Sauna Health Benefits: Are Saunas Healthy or Harmful?
There are few things quite like the relaxing feeling of stepping into a sauna after a hard day, or a tough workout.
While some people swear by them, there are many others who have never stepped foot into one of these miraculous heating units.
Evidence of their usage dates back centuries to Nordic/Scandinavian regions, where they were routinely used for purported health benefits.
Of course, their method of sauna usage differed greatly from what we know today, as the abundance of natural hot springs and makeshift steam rooms were used to get the desired effect.
Today, saunas come in many different forms - from traditional dry wooden sauna boxes to steam and infrared types.
And are these modern saunas actually healthy for us? In this blog post, we will dive into more about saunas to answer any burning questions that may be on your mind.
Different Types of Saunas
While there are a few different varieties of saunas around, they are broadly classified into 1 of 3 types based on the heat source.
An infrared sauna is one that uses light to create heat. This light is called infrared radiation, and it penetrates the skin and heats your body directly, rather than heating the air around you. This type of sauna can be used for many health benefits, such as detoxification, weight loss, improved circulation, relaxation and stress relief, and pain relief.
Additionally, infrared saunas can help increase circulation and improve muscle recovery. This increased circulation helps to bring more oxygen and nutrients to the muscles and can aid in the healing process. Infrared saunas are unofficially considered to be the "best" type of sauna.
Steam saunas have been around for a number of years, and can be considered one of the first types to exist. They continue to grow increasingly popular (arguably, the most popular type), and for good reason. A steam sauna uses steam instead of dry heat to create a more intense and relaxing experience.
A steam sauna is typically more humid than a standard sauna, and the steam is created by boiling water in an enclosed area (or via a steam generator).
The steam is then released into the air and circulated around the sauna room. This creates a more intense and relaxing atmosphere than a dry sauna and also helps to open up the pores better.
The humidity in the steam sauna is much higher than in a dry sauna, but this can be adjusted to meet your needs, and the steam can be infused with different essential oils for added relaxation. Steam saunas are a great way to relax after a long day and for benefiting the health of your skin.

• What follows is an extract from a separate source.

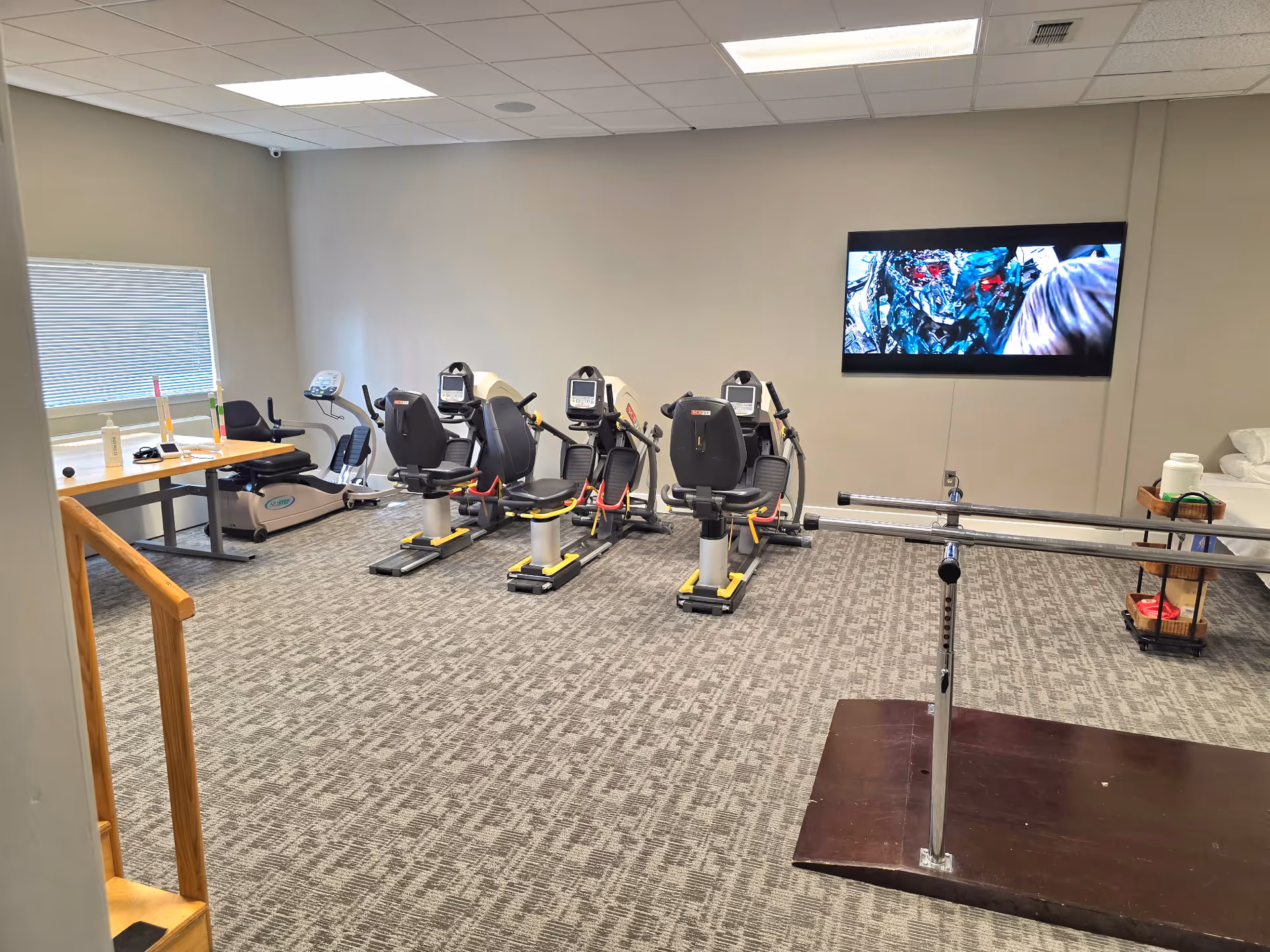 Empty senior exercise room with stationary bikes, a TV, and a railing.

A dry heat sauna is an efficient way to relax and detoxify your body. Unlike a traditional steam sauna, a dry heat sauna uses heated air instead of humidity to create a hot and soothing environment. The heat is usually generated by coils that warm the air in the sauna room. This heated air is then circulated around, allowing you to enjoy a more consistent experience throughout your time in the sauna.
People enjoy the feeling this type of therapy provides and many swear by its therapeutic benefits. Specifically, proponents claim that it can help reduce fatigue, improve circulation, and alleviate pain associated with muscle tension.
Dry heat saunas are generally easier to maintain and clean than steam varieties and may be capable of achieving higher temperatures than moist heat models.
How The Body Responds To Heat Stress
Using a sauna has long been linked to many health benefits. These include better heart and lung health, feeling more peaceful and relaxed, and sleeping better. What's not as well known is that regular sauna use can help people become more resistant to heat stress. This is because their bodies get used to being in a hot environment.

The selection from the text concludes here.